■ **Exercise details**
Your response should be an exact reproduction of the data below, beginning at the line containing "Imóvel para aluguel" and ending with the final line.
━━ Exercise materials
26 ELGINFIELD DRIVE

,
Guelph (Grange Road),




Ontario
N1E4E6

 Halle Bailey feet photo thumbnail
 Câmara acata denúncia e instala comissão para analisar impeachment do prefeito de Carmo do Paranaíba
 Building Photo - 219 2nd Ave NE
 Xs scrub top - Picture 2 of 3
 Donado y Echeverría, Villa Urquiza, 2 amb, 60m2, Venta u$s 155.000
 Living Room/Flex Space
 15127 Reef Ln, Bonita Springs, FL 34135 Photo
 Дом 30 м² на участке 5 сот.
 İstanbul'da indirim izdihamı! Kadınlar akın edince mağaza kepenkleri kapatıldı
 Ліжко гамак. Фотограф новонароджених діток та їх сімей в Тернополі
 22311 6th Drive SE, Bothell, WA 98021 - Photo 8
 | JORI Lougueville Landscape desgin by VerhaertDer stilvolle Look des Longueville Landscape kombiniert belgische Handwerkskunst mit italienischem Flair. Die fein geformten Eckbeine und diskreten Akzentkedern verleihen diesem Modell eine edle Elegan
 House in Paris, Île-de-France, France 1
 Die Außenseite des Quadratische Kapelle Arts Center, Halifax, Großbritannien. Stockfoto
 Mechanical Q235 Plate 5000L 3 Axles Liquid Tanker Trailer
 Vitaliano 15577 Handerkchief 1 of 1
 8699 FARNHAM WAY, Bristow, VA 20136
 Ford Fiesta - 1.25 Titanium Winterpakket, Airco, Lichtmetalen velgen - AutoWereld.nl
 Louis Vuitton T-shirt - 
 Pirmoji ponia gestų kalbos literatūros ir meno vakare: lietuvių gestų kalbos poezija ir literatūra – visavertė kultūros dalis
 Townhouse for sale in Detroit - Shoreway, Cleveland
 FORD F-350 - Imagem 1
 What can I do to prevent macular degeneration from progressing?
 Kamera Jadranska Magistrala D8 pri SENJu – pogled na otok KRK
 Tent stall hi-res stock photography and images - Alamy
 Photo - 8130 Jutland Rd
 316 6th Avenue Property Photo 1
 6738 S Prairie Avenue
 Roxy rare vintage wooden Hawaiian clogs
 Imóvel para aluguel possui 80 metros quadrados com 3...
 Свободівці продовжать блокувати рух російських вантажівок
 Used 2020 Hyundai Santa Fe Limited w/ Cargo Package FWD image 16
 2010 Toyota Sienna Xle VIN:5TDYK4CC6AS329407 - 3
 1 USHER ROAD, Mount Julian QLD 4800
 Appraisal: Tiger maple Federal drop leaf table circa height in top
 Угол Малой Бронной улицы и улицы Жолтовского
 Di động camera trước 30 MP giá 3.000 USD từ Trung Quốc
━━━━
■ **Task result**
 Imóvel para aluguel possui 80 metros quadrados com 3...
 Свободівці продовжать блокувати рух російських вантажівок
 Used 2020 Hyundai Santa Fe Limited w/ Cargo Package FWD image 16
 2010 Toyota Sienna Xle VIN:5TDYK4CC6AS329407 - 3
 1 USHER ROAD, Mount Julian QLD 4800
 Appraisal: Tiger maple Federal drop leaf table circa height in top
 Угол Малой Бронной улицы и улицы Жолтовского
 Di động camera trước 30 MP giá 3.000 USD từ Trung Quốc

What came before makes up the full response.